Step flashing and lead counter-flashing contoured to follow the rook outline is the correct way to do it. Not dependant on caulk, and maintains the stone look.
I can't find any of my pix to post at this time though. Sorry.


----------



## tinner666 (Mar 14, 2005)

The only one I have is too large to upload and BMP so I'm having trouble resizing and have to get to work anyway. E-mail me for the pic.


----------



## Marie W (Feb 16, 2015)

*Stone chimney flashing and hardie board siding*

I am a home owner and replacing vinyl siding with hardie board siding. As we took off the vinyl siding we see that our stone chimney was not flashed to the house wall and only a J-channel was used to butt the vinyl siding to the chimney. In some places you can put your hand inside behind the chimney and also see bare wood. 

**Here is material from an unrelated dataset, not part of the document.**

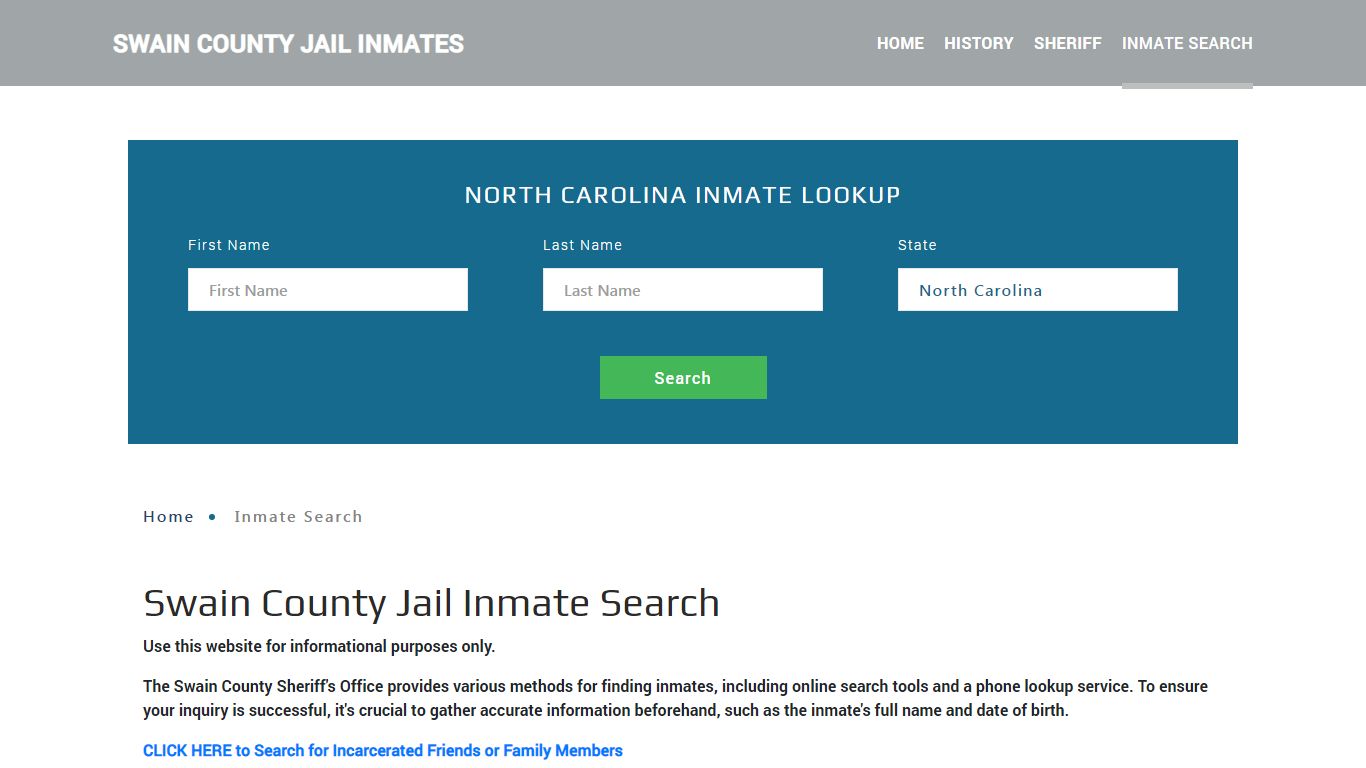 Swain County, NC Detainee Lookup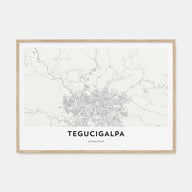 Tegucigalpa Map Landscape Poster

So, my question is, how do you properly flash an existing stone chimney and how do you terminate hardie trim to ensure a waterproof seal?

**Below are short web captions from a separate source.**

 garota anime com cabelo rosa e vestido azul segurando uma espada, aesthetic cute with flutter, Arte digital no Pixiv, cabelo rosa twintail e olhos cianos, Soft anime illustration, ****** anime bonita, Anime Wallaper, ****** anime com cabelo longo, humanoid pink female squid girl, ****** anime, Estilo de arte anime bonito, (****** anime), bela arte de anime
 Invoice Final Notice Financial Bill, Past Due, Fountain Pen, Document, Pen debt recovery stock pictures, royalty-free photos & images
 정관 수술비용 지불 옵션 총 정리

I can provide pictures if any one can help me.

Thanks, 
M W


----------



## roofermann (Nov 18, 2013)

Marie W said:


> I am a home owner and replacing vinyl siding with hardie board siding. As we took off the vinyl siding we see that our stone chimney was not flashed to the house wall and only a J-channel was used to butt the vinyl siding to the chimney. In some places you can put your hand inside behind the chimney and also see bare wood.
> 
> So, my question is, how do you properly flash an existing stone chimney and how do you terminate hardie trim to ensure a waterproof seal?
> 
> ...


Would be best to start a new thread for this question and supply some pics. good luck!:thumbsup:


----------